BEGIN Exercise data

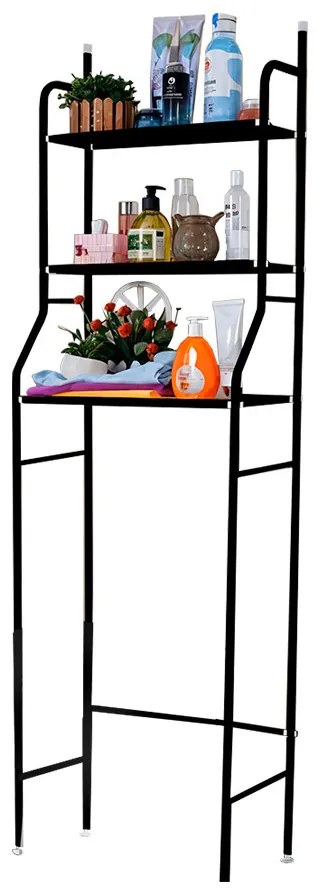 Fürdőszobai polc wc fölé, többszintes, fekete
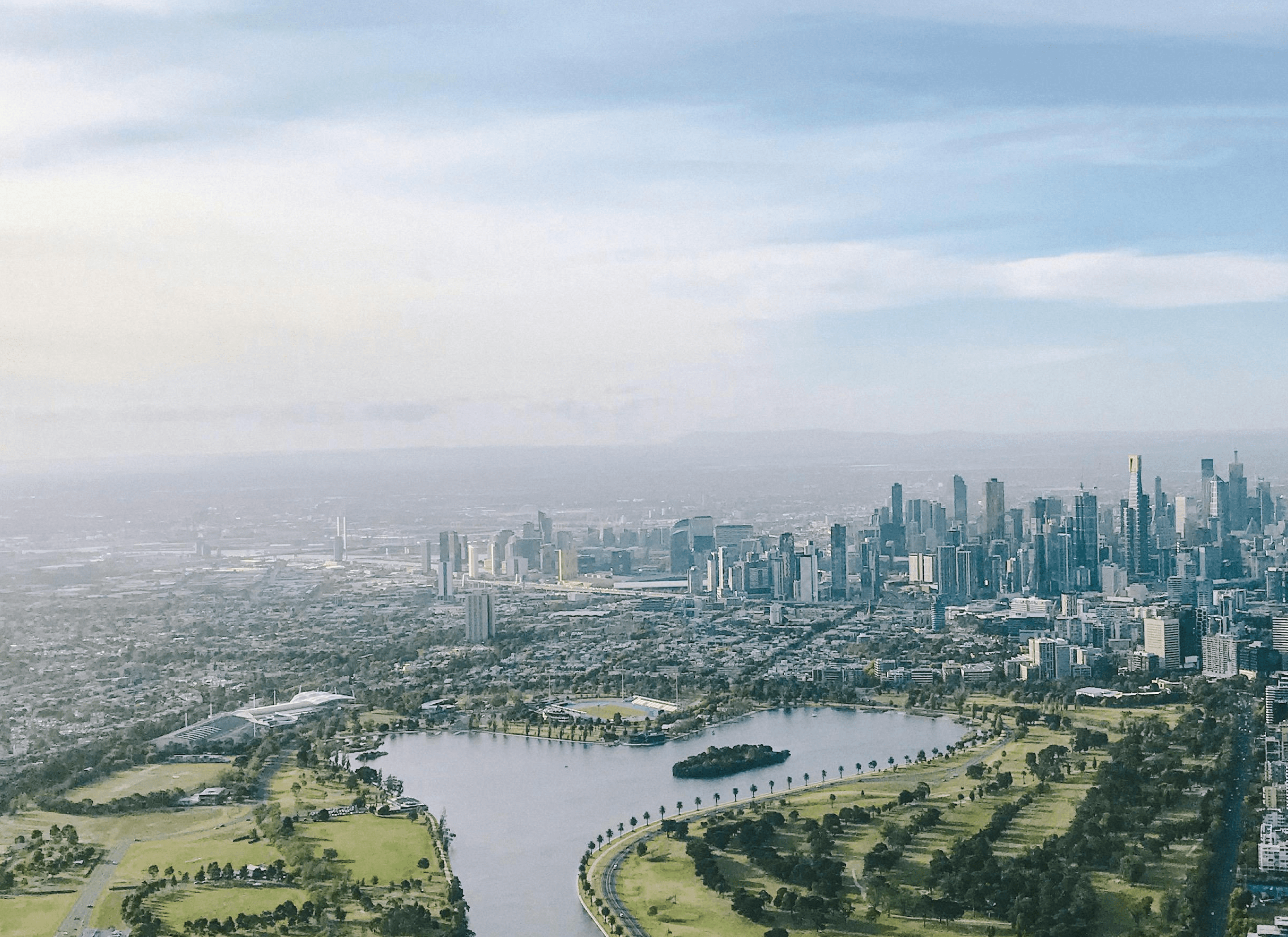 Cityscape with lake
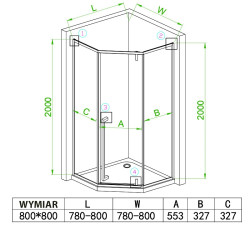 KABINA PRYSZNICOWA PIĘCIOKĄTNA Z BRODZIKIEM BS07A/SXL07A CZARNY/BIAŁY 80x80 BS07A+SXL07A-WH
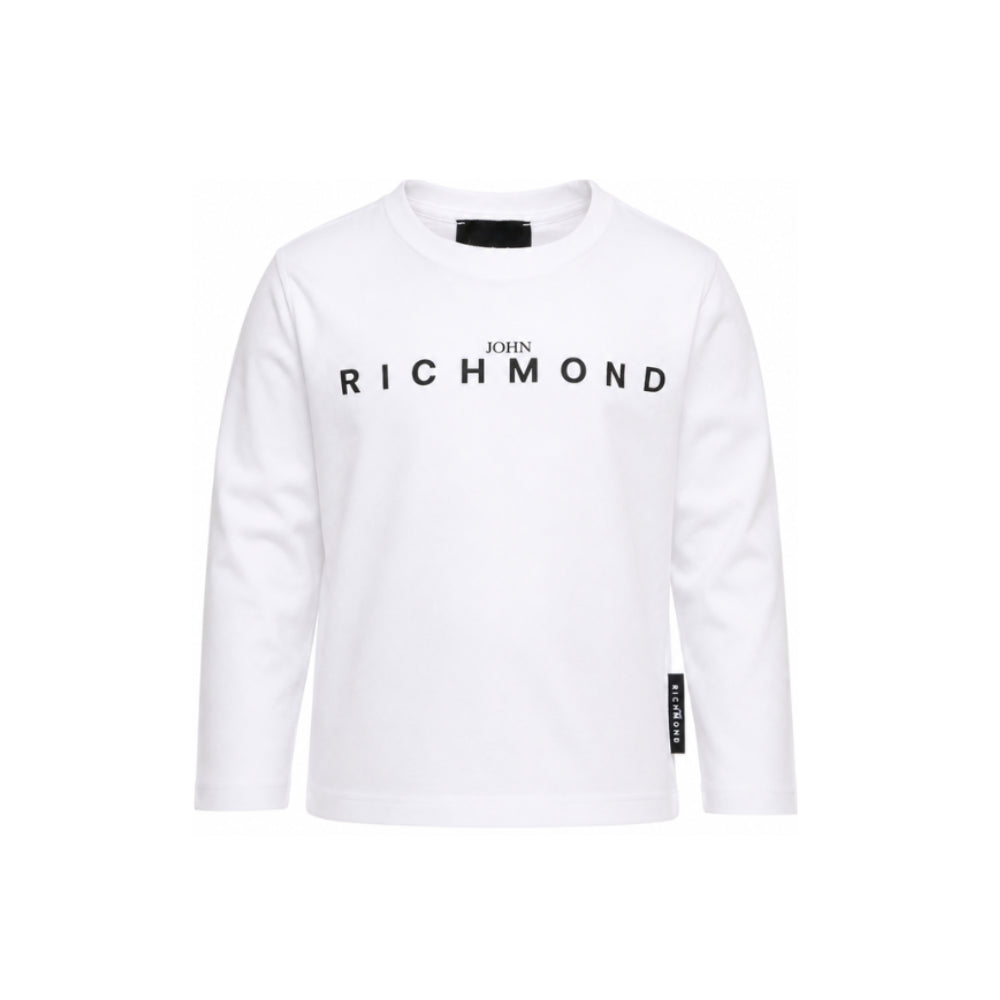 T-shirt per bambino John Richmond Kids bianca con stampa logo sul davanti RBA26016TS WHITE JOHN RICHMOND KIDS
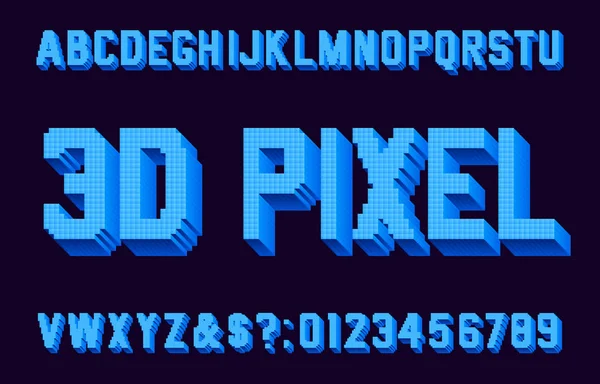 Fonte Alfabeto Pixel Letras Números Efeito Digitais Cara Tipo Jogo — Vetor de Stock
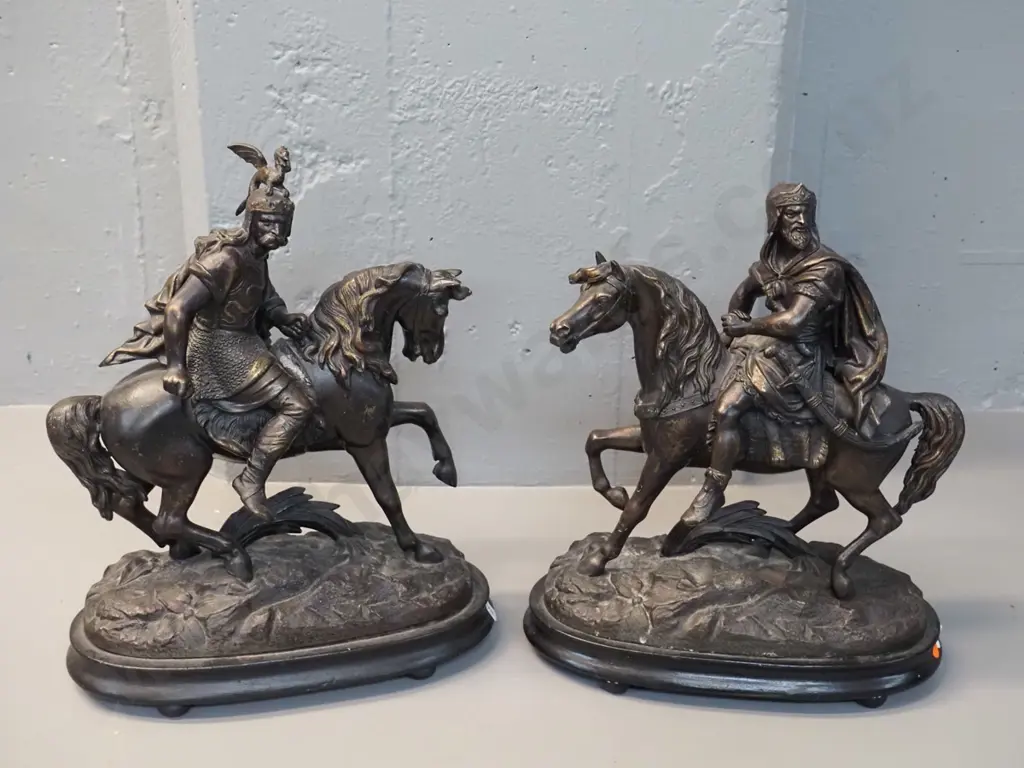 pair of vintage spelter horse & warrior figures on timber bases - one rider loose, has had repair H-370 L-300 W-150 Image 1++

END Exercise data

Brief> With the pictures dropped, write out all of the entries word for word.

Output>
 Fürdőszobai polc wc fölé, többszintes, fekete
 Cityscape with lake
 KABINA PRYSZNICOWA PIĘCIOKĄTNA Z BRODZIKIEM BS07A/SXL07A CZARNY/BIAŁY 80x80 BS07A+SXL07A-WH
 T-shirt per bambino John Richmond Kids bianca con stampa logo sul davanti RBA26016TS WHITE JOHN RICHMOND KIDS
 Fonte Alfabeto Pixel Letras Números Efeito Digitais Cara Tipo Jogo — Vetor de Stock
 pair of vintage spelter horse & warrior figures on timber bases - one rider loose, has had repair H-370 L-300 W-150 Image 1++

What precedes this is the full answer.